(Provided records Opens)
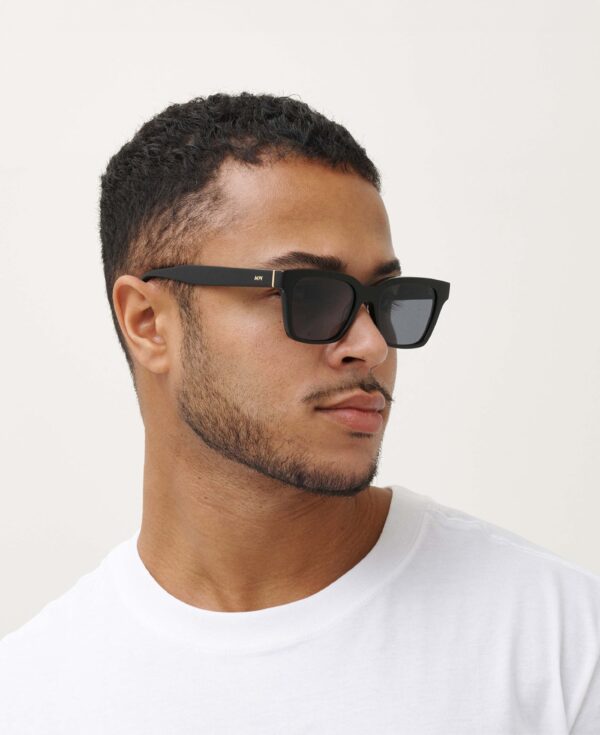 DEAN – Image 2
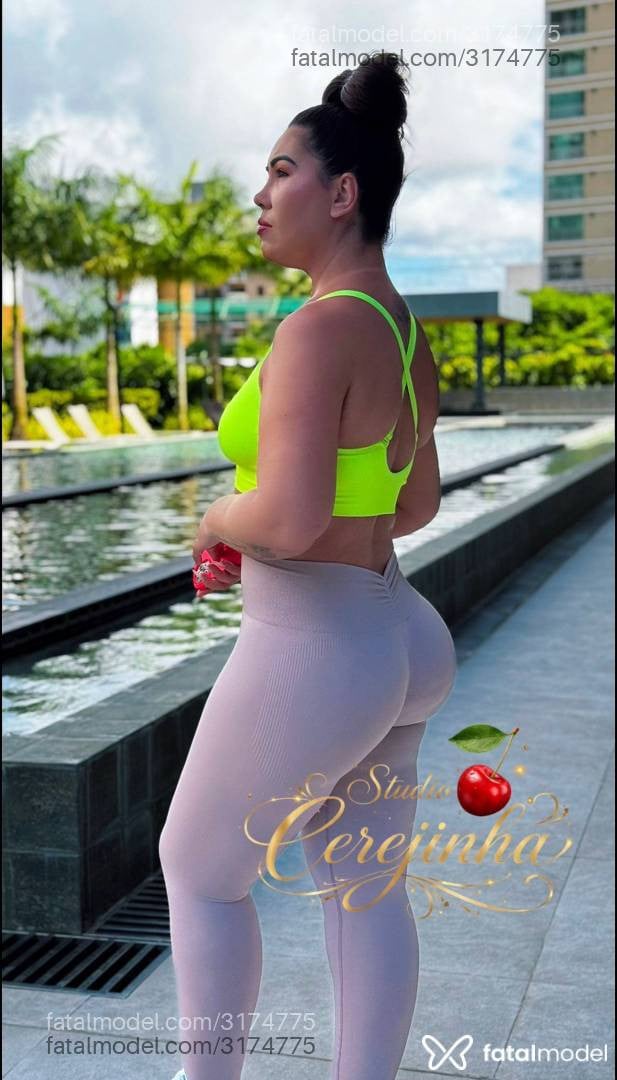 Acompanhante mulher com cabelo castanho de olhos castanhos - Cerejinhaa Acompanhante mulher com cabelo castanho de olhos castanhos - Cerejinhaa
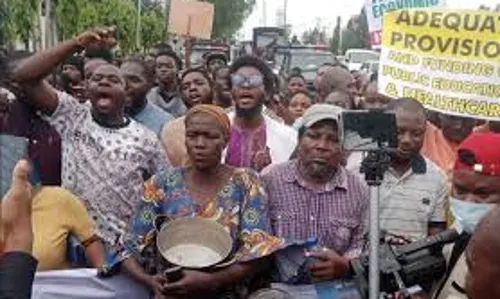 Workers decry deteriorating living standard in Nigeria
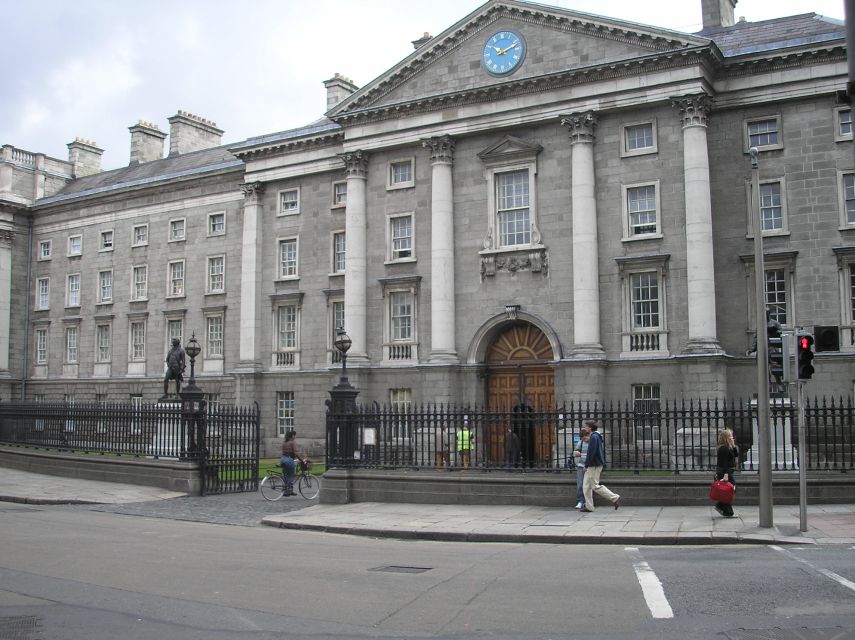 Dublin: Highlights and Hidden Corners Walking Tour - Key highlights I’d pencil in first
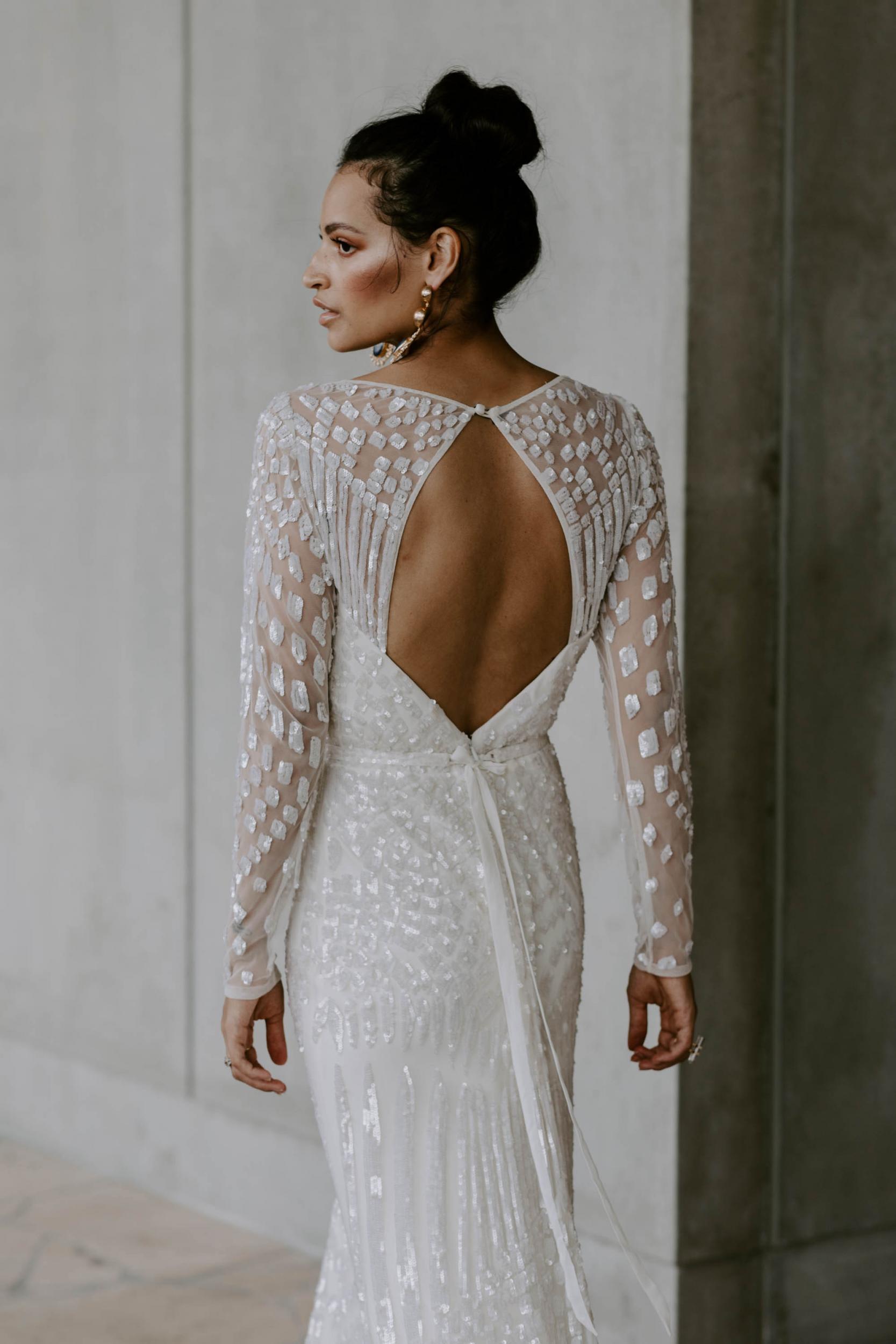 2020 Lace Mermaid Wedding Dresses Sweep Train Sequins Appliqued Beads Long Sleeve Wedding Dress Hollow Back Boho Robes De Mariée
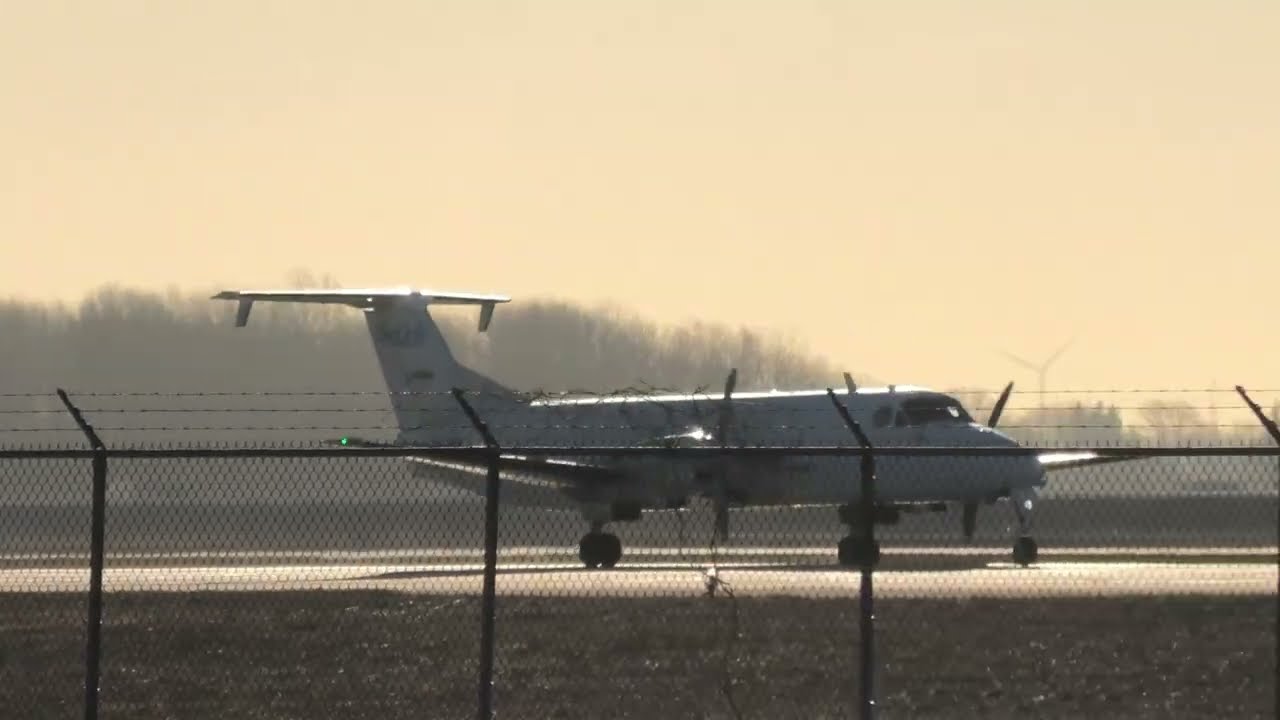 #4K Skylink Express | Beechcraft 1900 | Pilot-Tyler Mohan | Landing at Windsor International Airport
(Provided records Closes)
Write the records out exactly once more, leaving off the pictures.

| Response to the exercise |
 DEAN – Image 2
 Acompanhante mulher com cabelo castanho de olhos castanhos - Cerejinhaa Acompanhante mulher com cabelo castanho de olhos castanhos - Cerejinhaa
 Workers decry deteriorating living standard in Nigeria
 Dublin: Highlights and Hidden Corners Walking Tour - Key highlights I’d pencil in first
 2020 Lace Mermaid Wedding Dresses Sweep Train Sequins Appliqued Beads Long Sleeve Wedding Dress Hollow Back Boho Robes De Mariée
 #4K Skylink Express | Beechcraft 1900 | Pilot-Tyler Mohan | Landing at Windsor International Airport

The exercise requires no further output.